Task objective —
Only the lines from the one holding "Детское платье Bubble" to the end of the data should be echoed, exactly as they appear, minus the pictures.

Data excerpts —
· · · · ·
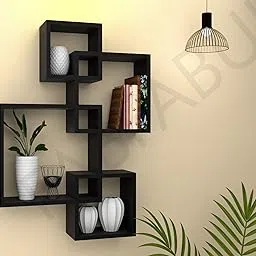 FABULO Wooden Intersecting Wall Shelves for Living Room, Bedroom | MDF Floating Wall Mount Shelf/Rack/Stand/Showcase for Home Decor - Wall Hanging Storage Unit, Set of 4 – Black image 1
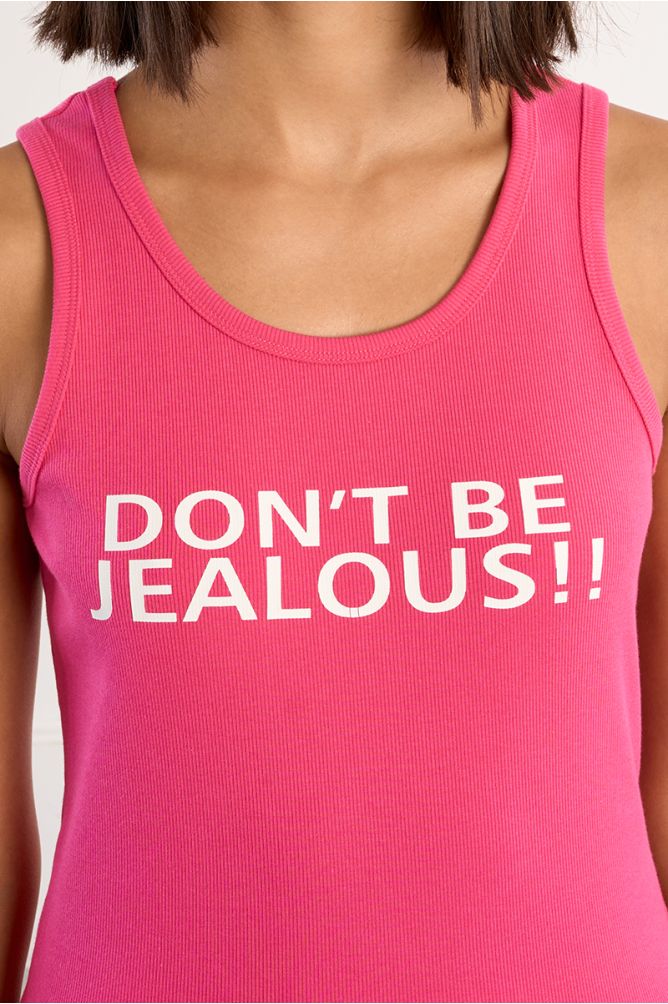 Débardeur côtelé "Don't be jealous!!"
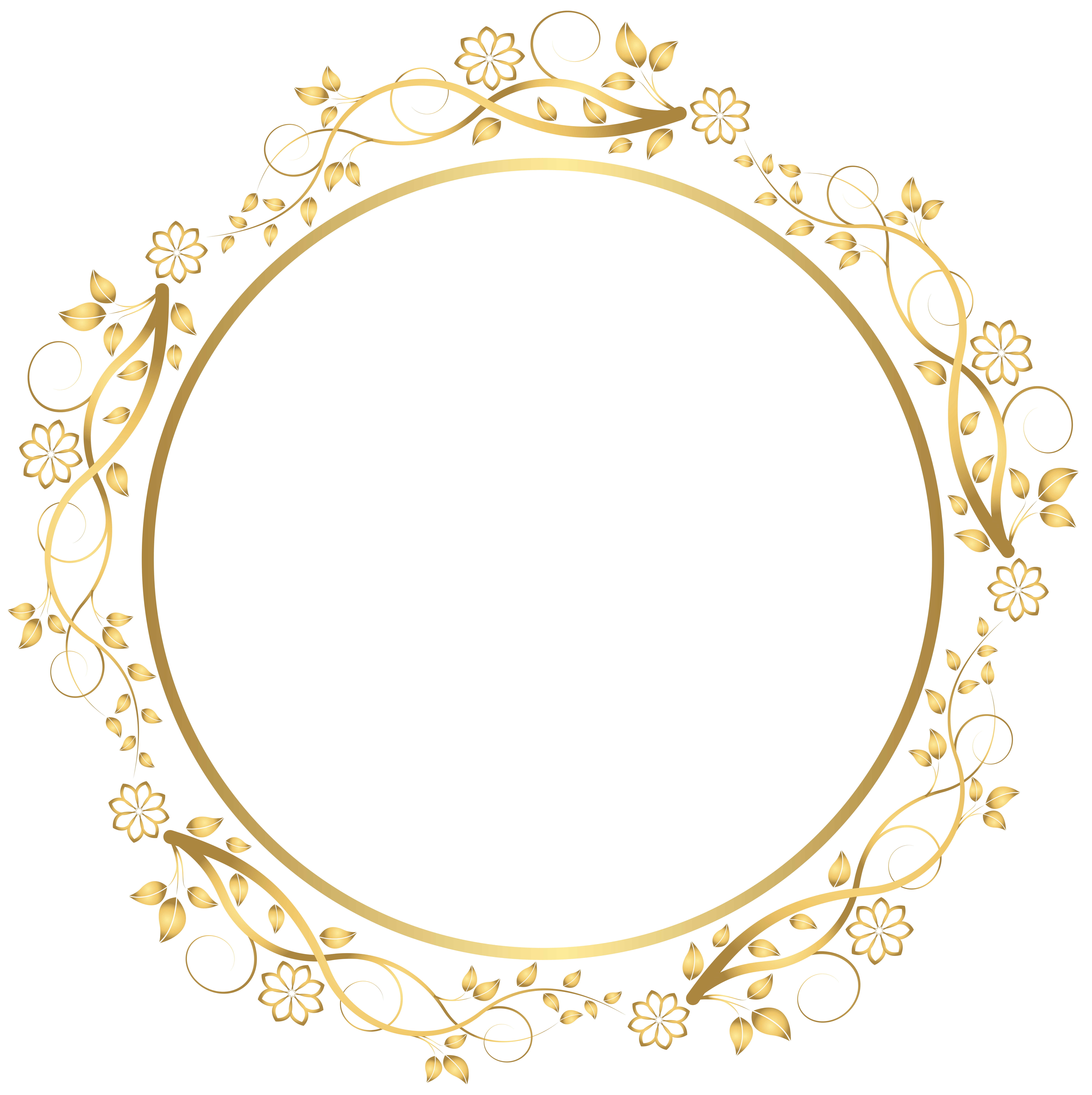 Gold circle frame png. Round floral border transparent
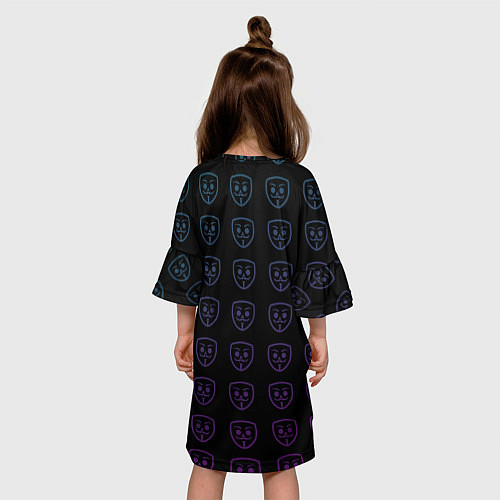 Детское платье Bubble kvass anonymous logo / 3D-принт – фото 4
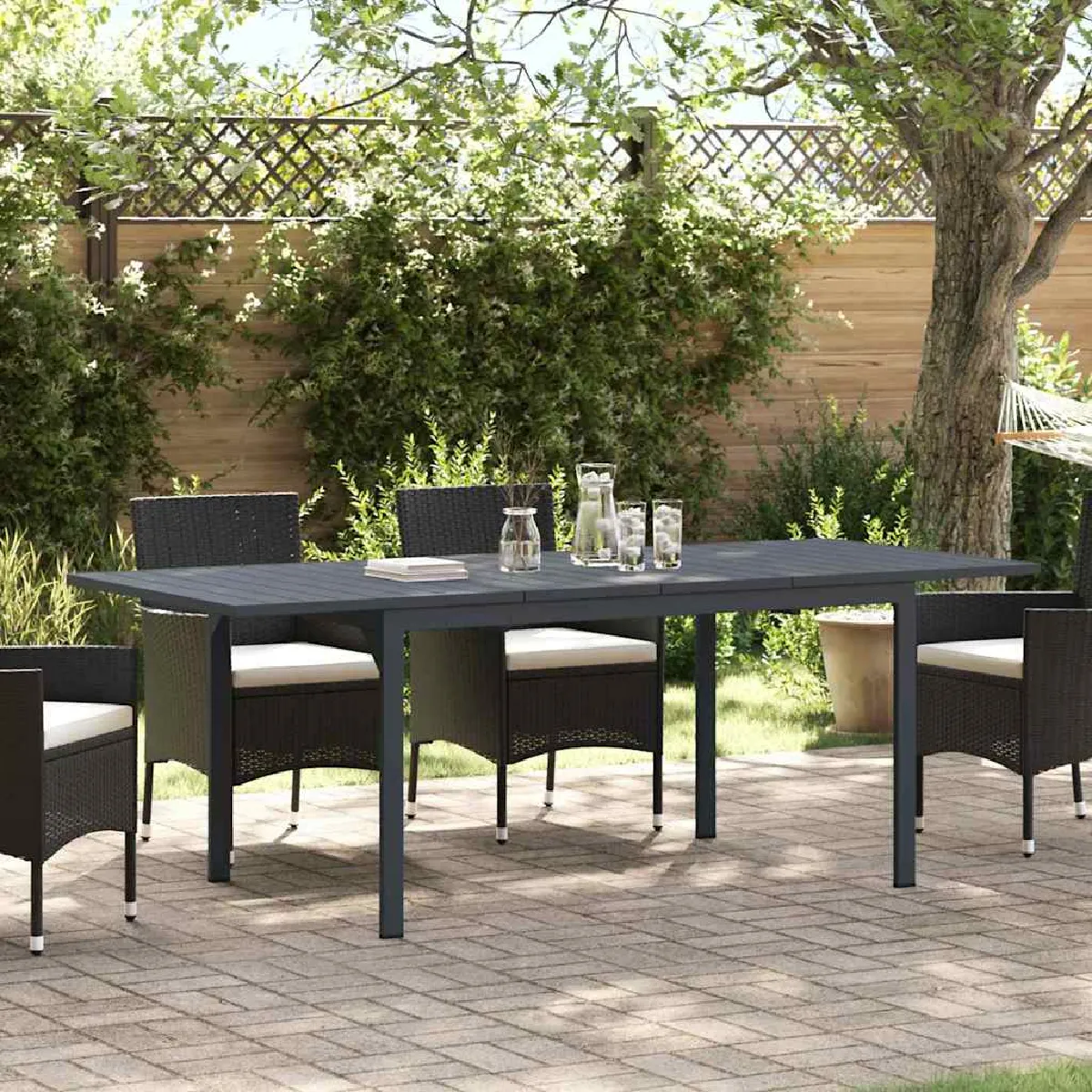 vidaXL Tables extensibles 2 pcs 210x90x73 cm Acier Table de jardin extensible 140 210 x90x73 cm Acier - vue 2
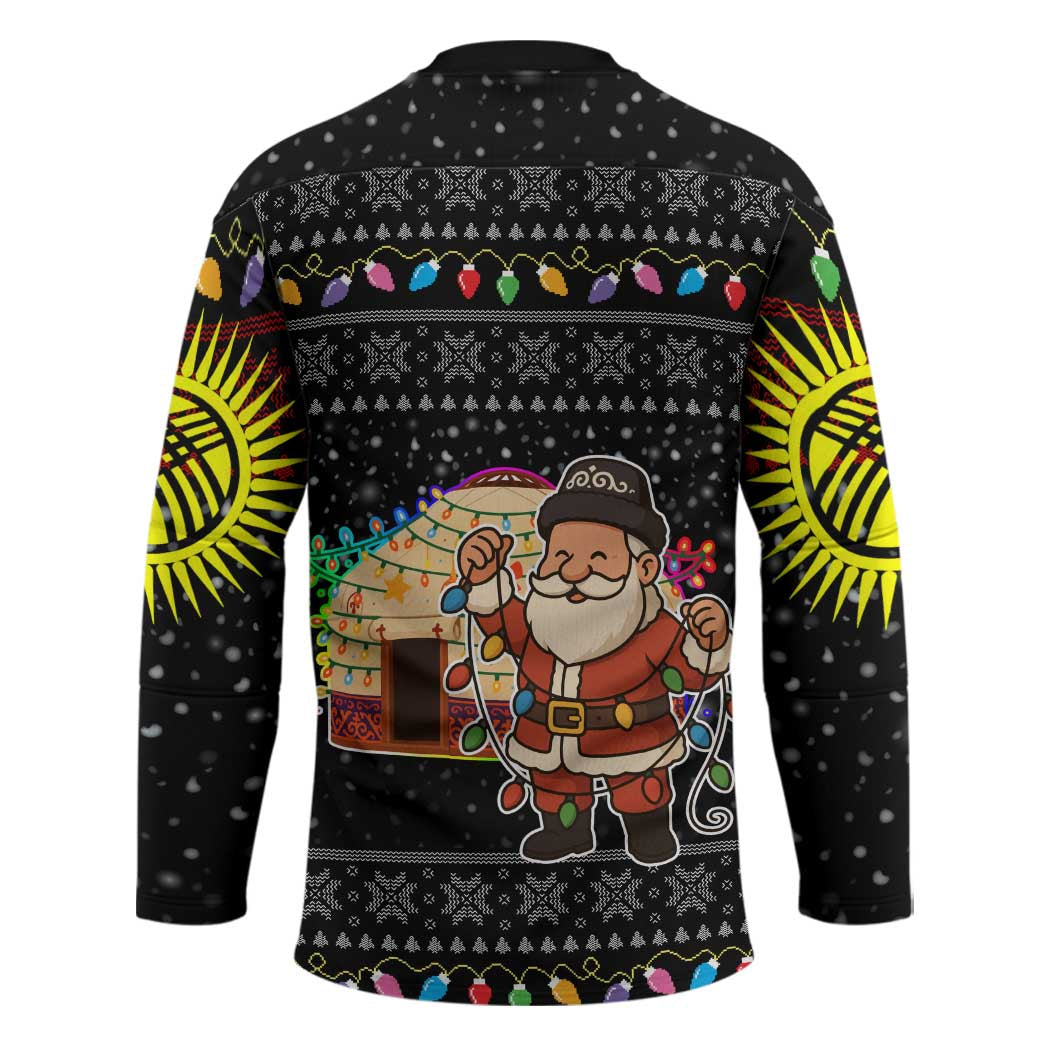 Kyrgyzstan Christmas Hockey Jersey with Santa Decorating Yurt Colorful Lights Snowflakes and National - Wonder Print Shop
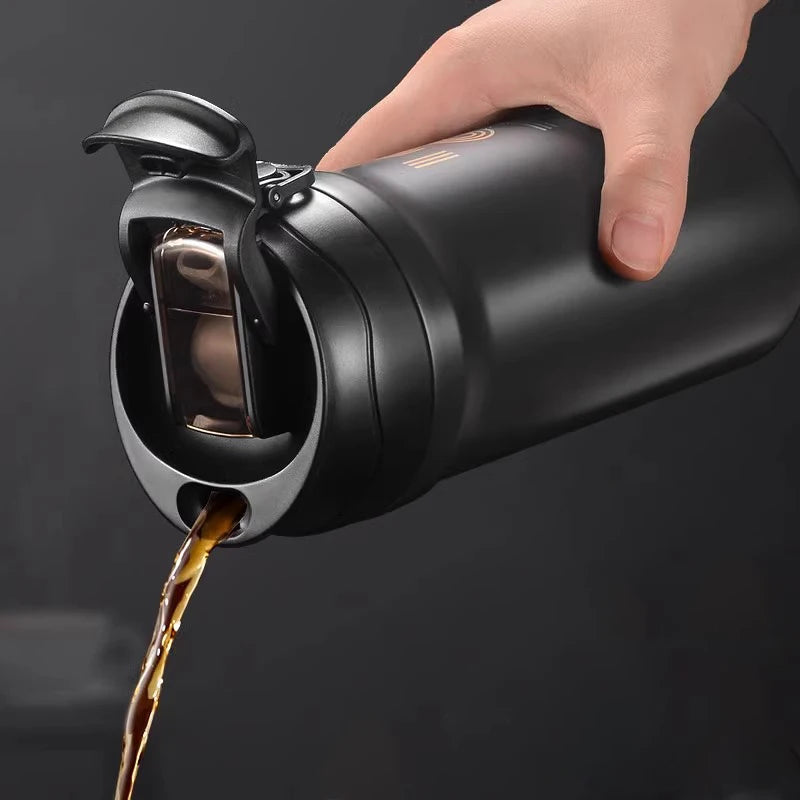 Portable Coffee Cup 316 Stainless Steel Cold Water Hot Water Straw Student Cup Cycling/Outdoor Sports/Travel Leakproof Cup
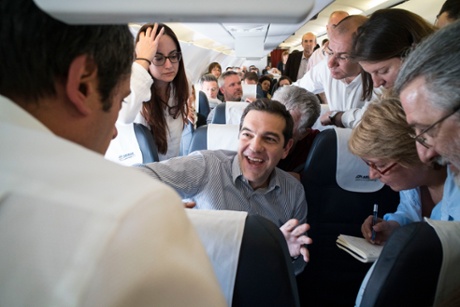 Alexis Tsipras, on a flight to Brussels, April 23 2015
· · · · ·
Solved problem —
 Детское платье Bubble kvass anonymous logo / 3D-принт – фото 4
 vidaXL Tables extensibles 2 pcs 210x90x73 cm Acier Table de jardin extensible 140 210 x90x73 cm Acier - vue 2
 Kyrgyzstan Christmas Hockey Jersey with Santa Decorating Yurt Colorful Lights Snowflakes and National - Wonder Print Shop
 Portable Coffee Cup 316 Stainless Steel Cold Water Hot Water Straw Student Cup Cycling/Outdoor Sports/Travel Leakproof Cup
 Alexis Tsipras, on a flight to Brussels, April 23 2015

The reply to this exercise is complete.